Scarily, Jane Kelly’s flat is only five or six minutes on foot from Grønmark Towers, but, while we’re unnervingly close to the front line, she might as well be an hour’s walk away. Property here is a lot more expensive than it is in her part of Acton (as she points out), and – perhaps because of that - our local population is still overwhelmingly comprised of white Britons. There’s been a small influx of Poles in recent years (you can only tell because they tend to put up strange fences and erect weird concrete sheds in their gardens), but remarkably few Asians or blacks (apart from Somali women taking their kids to the local state primary school from the nearby council estate). Whatever the nationality of those who run our local shops, they essentially cater for middle-class Brits. And because we have a Buddhist Vihara nearby, we see more skinny chaps in saffron-coloured robes than fat women doing Darth Vader impressions.

Our main hope that any attempt by immigrant groups to impose their culture on the rest of us will be scuppered is that a lot of gays live hereabouts, who, I suspect, would be the first to volunteer for the barricades rather than submit to being verbally abused by self-styled “Muslim patrols”, as apparently happens in Whitechapel. (If you want your area to remain quiet, respectable,  and expensive while retaining its community spirit, pray for lots of middle-aged gay couples to move in: they do their houses up a treat, appear to have lots of disposable income – no school fees – and are jolly friendly.)

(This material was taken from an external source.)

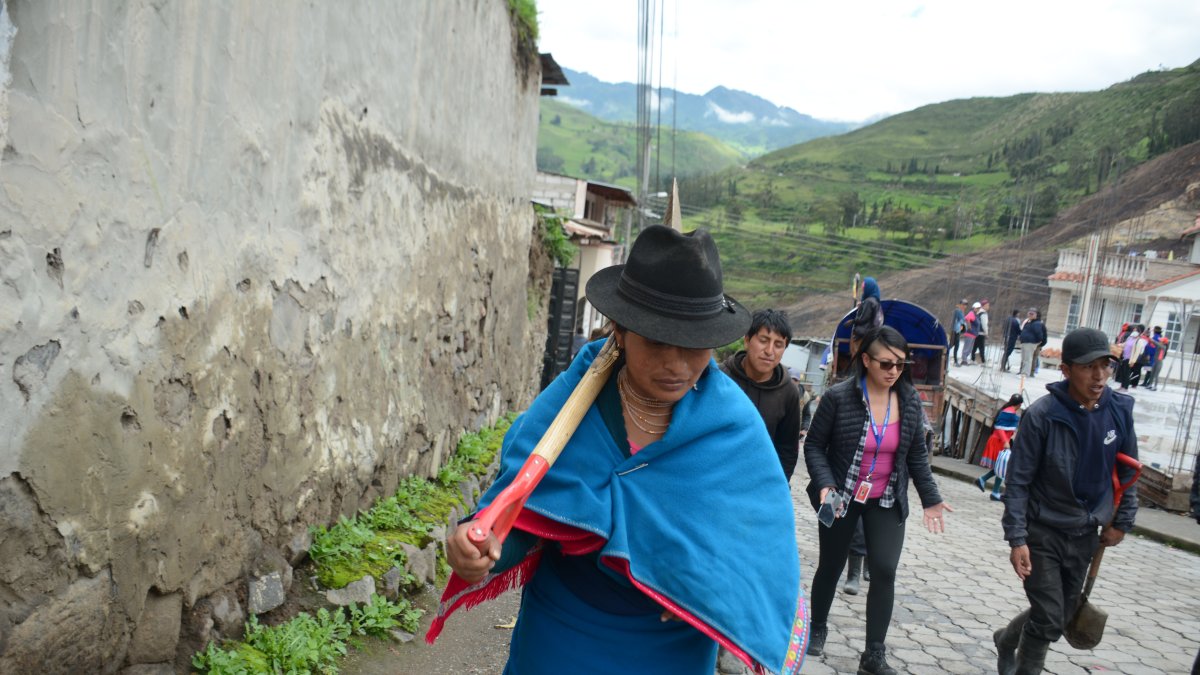 Lugar. Familiares de desaparecidos se retiraban con sus palas de la zona.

It’s a real shame that Jane Kelly can’t afford a move to Chiswick. She’s an accomplished  freelance journalist (and consulting editor of the Salisbury Review), politically conservative (although independent-minded), and a regular church-goer. The more like her, the better. But the real shame, as she points out, is that she’s moving for a negative reason:
I, too, have decided to leave my area, following in the footsteps of so many of my neighbours. I don’t really want to go. I worked long and hard to get to London, to find a good job and buy a home and I’d like to stay here. But I’m a stranger on these streets and all the “good” areas, with safe streets, nice housing and pleasant cafés, are beyond my reach. I see London turning into a place almost exclusively for poor immigrants and the very rich. 
It’s sad that I am moving not for a positive reason, but to escape something. I wonder whether I’ll tell the truth, if I’m asked. I can’t pretend that I’m worried about local schools, so perhaps I’ll say it’s for the chance of a conversation over the garden fence. But really I no longer need an excuse: mass immigration is making reluctant racists of us all.
It’s strange to hear that Britain is sending troops to Mali to stop Islamofascism being imposed on those who don’t want it, while those who don’t want it in West London are being left to fend for themselves.

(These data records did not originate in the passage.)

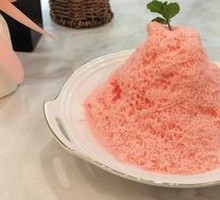 Strawberry Snow Ice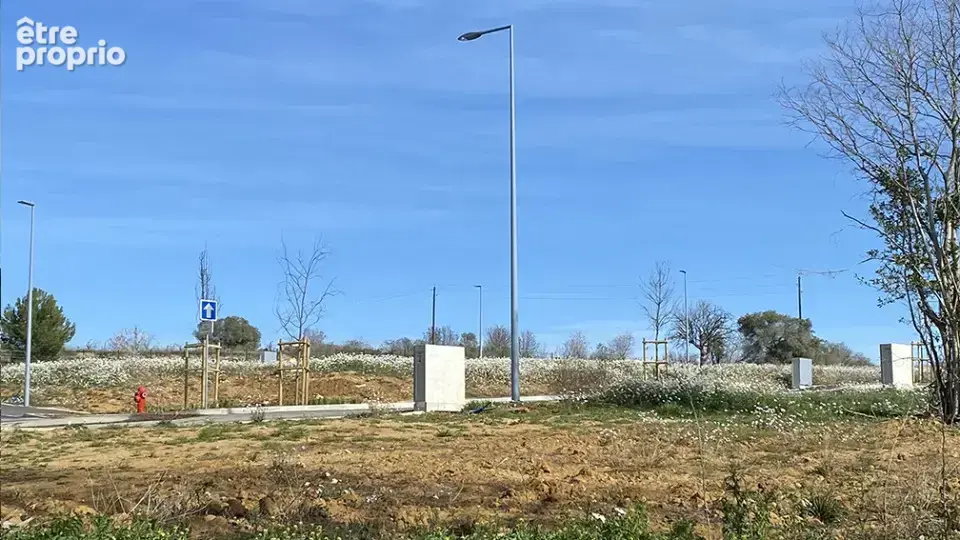 Photo Terrain à Corneilhan au prix de 150 000€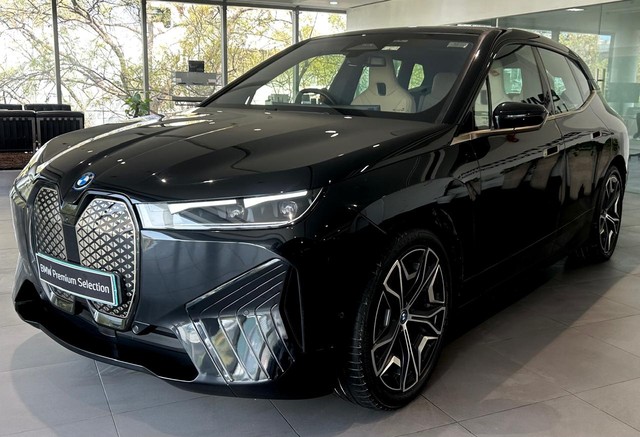 BMW iX xDrive50 - Photo 6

The members of our liberal politico-media elite, who are, of course, responsible for this depressing state of affairs, should be thoroughly ashamed of themselves - but they don't do shame. Instead, they'll be busy patting themselves on the back for being so wonderfully inclusive and compassionate and morally superior. As usual, they're not the ones having to pay the bill for their own largesse.

2 comments:

  1. Confused Pensioner31 January 2013 at 16:45

    This is a sad and frustrating post. The Caliphate in the United Kingdom is obviously being established at a faster rate than originally anticipated. I very much sympathise with Jane Kelly [excellent article].

    And at the beginning of 2014 the flood-gates will be opened for the Roumanians and Bulgarians [followed soon afterwards by the Albanians] although I gather they have all sent in forward units to stake out territory and areas of activity before the main bodies arrive. Apparantly they are already haggling over who acquires the pick-pocket and child-prostitution franchises, for example. These people have developed criminal services of such sophistication and complexity that makes our own financial services industry green with envy. I wonder if UKBA is on top of all this?

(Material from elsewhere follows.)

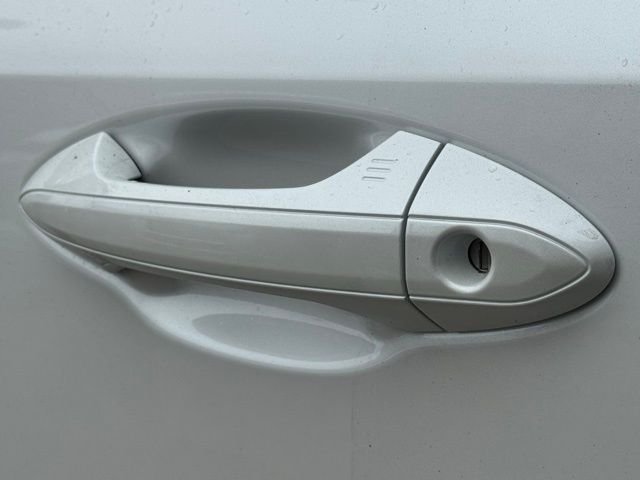 New 2026 RADIANT WHITE INFINITI Luxe FWD image 12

    Anyway, as long as they do not move into the care home business. I do not want to spend part of my remaining old age being slapped about the face by an Albanian.

    In the meantime, our whey-faced leader is grandstanding in Tripoli and has promised the Libyans financial assistance to build up their police service [presumably to safe-guard British travellers to Benghazi?]. Soon after his offer it was announced that the number of front-line police officers in the UK had contracted by 4,000 during 2012.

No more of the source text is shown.